A verbatim repeat of the lines below is required, with the pictures removed.
START DATA
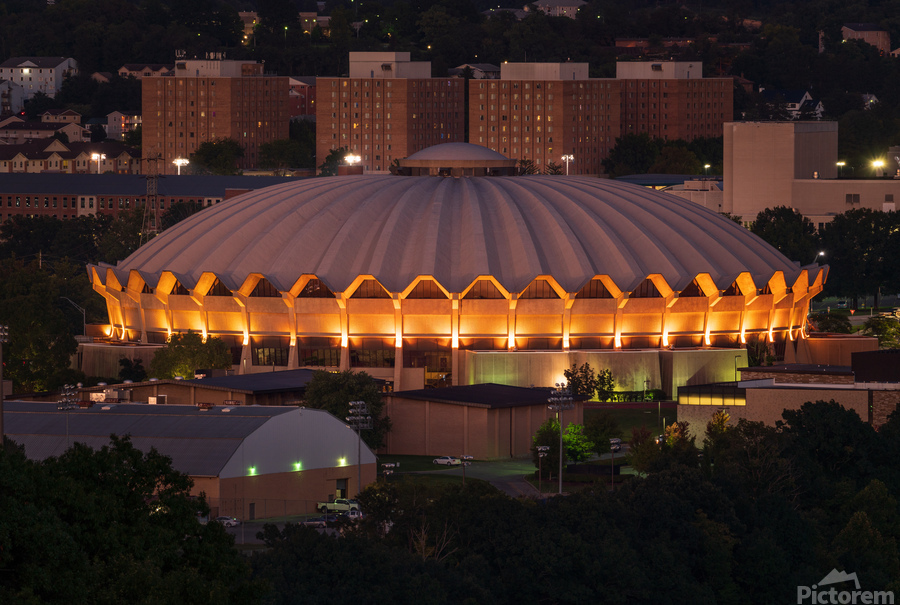 Illuminted Coliseum at WVU at dusk  Imprimer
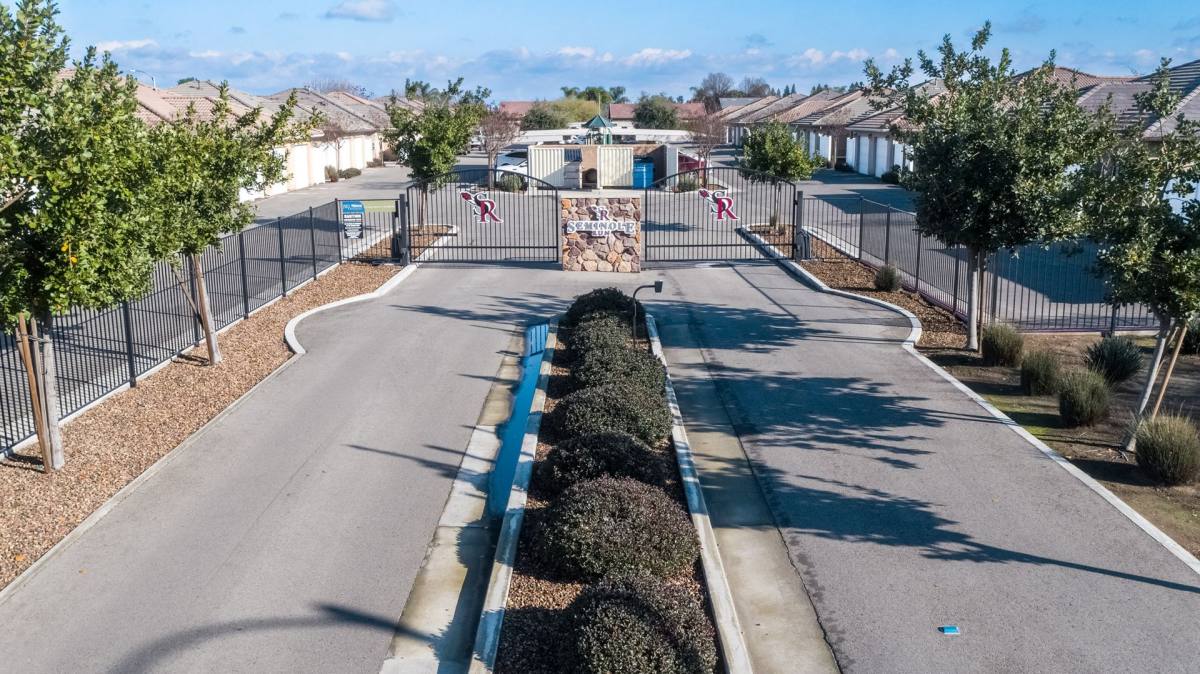 Apartment for rent at 770 Aberdeen St, Tulare, CA 93274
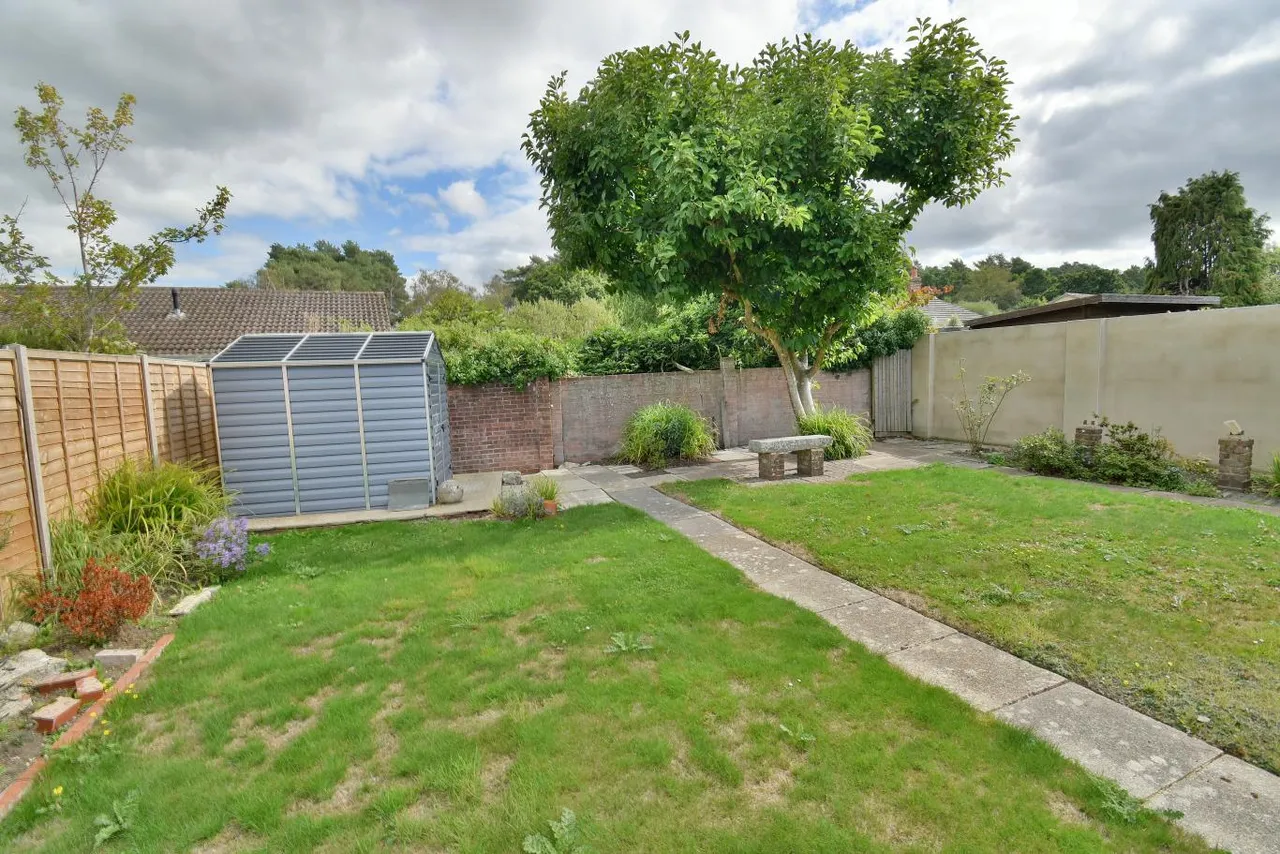 Award Road, BH21, photo 16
END DATA
_SOLUTION FOR THIS TASK_:
 Illuminted Coliseum at WVU at dusk  Imprimer
 Apartment for rent at 770 Aberdeen St, Tulare, CA 93274
 Award Road, BH21, photo 16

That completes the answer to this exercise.